# Notebook for Meme Stock App

## Table of contents
1. Importing Libraries
2. Investigating Optimum Ticker Extraction Method
   1. Regex Method
   2. String-Matching (FuzzyWuzzy)
   3. Word Vectorisaiton (GloVe)
3. Getting data from Reddit subreddits
4. Cleaning text data to extract companies and stock tickers
   1. Regex method
   2. Word2vec method
5. Streamlit webapp

### 1. Importing Libraries

In [1]:
from get_reddit import RedditSubmissions, RedditAPIHelper
import praw
import os
from dotenv import load_dotenv

from utils import *

from extraction_models import GloveModel, FuzzModel, RegexExtraction



In [None]:
# #import relevant libraries
# import praw
# from datetime import datetime
# import pytz
# import re
# import pandas as pd 
# from collections import Counter 
# from sklearn.feature_extraction.text import ENGLISH_STOP_WORDS
# import streamlit as st
# import plotly.express as px
# import yfinance as yf
# from plotly import graph_objs as go
# import json
# import nltk
# from nltk.tokenize import word_tokenize
# #from gensim.models import Word2Vec #pip install updated gensim library from github, new release to fix bug due soon. Gensim v10.2 has bug (scipy deprecated 'triu' from 'scipy.linalg', triu required for gensim v10.2)


## 2. Ticker & Company Extraction Method Analysis

In [2]:
# load test data from file
test_data_file = 'test_data/reddit_test_data.txt'
actual_values_file = 'test_data/reddit_data_answers.txt'
actual_tickervalues_file = 'test_data/reddit_answers_tickers.txt'

#load test files into variable
test_data = ModelUtils.load_text_files(test_data_file)
true_values = ModelUtils.load_text_files(actual_values_file)
true_values_tickers = ModelUtils.load_text_files(actual_tickervalues_file)

#convert results to list of 'tokens' for performance_evaluation function
true_values_list = ModelUtils.convert_comma_separated_string_to_list(true_values)
true_values_tickers_list = ModelUtils.convert_comma_separated_string_to_list(true_values_tickers)

#load company data from public dictionary to make look-up dictionaries/lists
company_data = ModelUtils.get_company_information()

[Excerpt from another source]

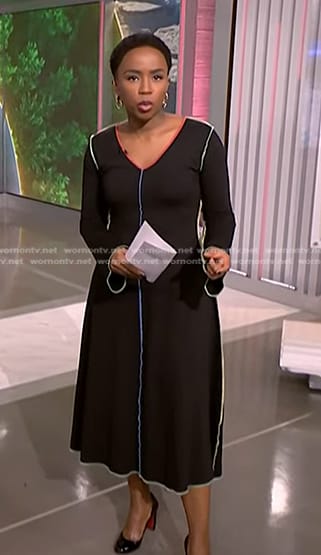 Zinhle’s black dress with multicolor piping on NBC News Daily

### Method 1: Regex Extraction
To begin with this method, we first need to create a list of company tickers from the company data. The regex extraction method requires that the tokenised words are not made into lowercase, and this is accounted for in the preprocess_text function. The extract_tickers function evaluates each token and if it fits the pattern of a ticker (i.e. 1-5 capitalised letters in a row) and matches a ticker in the list of tickers, it is considered a match. The matches are compared against a true_value_list of tickers extracted from the sample reddit text. Unfortunately, this method had different true_values than the values that validate the string matching and vectorisation methods because this method can only identify tickers and not companies. This makes it hard to compare the regex model against the other two.

In [3]:
# Create List of tickers
ticker_list = RegexExtraction.create_ticker_list(company_data)

# process the test data into tokens
tokens_upper = ModelUtils.preprocess_text(test_data, lower_case = False)

# run the RegexExtraction method and extract the tickers and time to identify each ticker
regex_tickers, regex_time = RegexExtraction.extract_tickers(tokens_upper, ticker_list)

# Evaluate the precision and sensitivity of the ticker_extraction method 
regex_precision, regex_sensitivity = ModelUtils.evaluate_model_performance(true_values_tickers_list, regex_tickers)

In [9]:
print(f'Tickers identified: {regex_tickers}')
print(f'Time taken per ticker: {regex_time}s')
print(f'Precision of Regex Model: {regex_precision:.3f}')
print(f'Sensitivity of Regex Model: {regex_sensitivity:.3f}')

Tickers identified: ['GME', 'GME', 'GME', 'AMC', 'GME', 'AMC', 'NOK', 'GME', 'GME', 'AMC', 'GME', 'GME', 'AG', 'SLV', 'GME', 'GME', 'JPM', 'GME', 'SLV', 'AG', 'AG', 'SLV', 'AG', 'NOK', 'GO', 'GME', 'NOK', 'PLTR', 'BB', 'GME', 'NOK', 'SU', 'AMC', 'TSLA', 'TSLA', 'DDS', 'DDS', 'GME', 'USA', 'GME', 'NOK', 'GME', 'BB', 'AMC', 'GME', 'BB', 'AMC', 'NOK', 'SLV', 'PSLV', 'CTRM', 'VALE', 'ZOM', 'AGI']
Time taken per ticker: 3.7037853627477973e-05s
Precision of Regex Model: 0.944
Sensitivity of Regex Model: 0.836


#### Regex Extraction Results
The results show that this method is fast, taking 3.70 e-05 seconds. This is primarily due to the low algorithmic complexity of this algorithm. Moreover, this method was very precise, correctly identifying 94.4% true values. The model also had a sensitivity of 83%, meaning it identified 83% of the true values from the text. 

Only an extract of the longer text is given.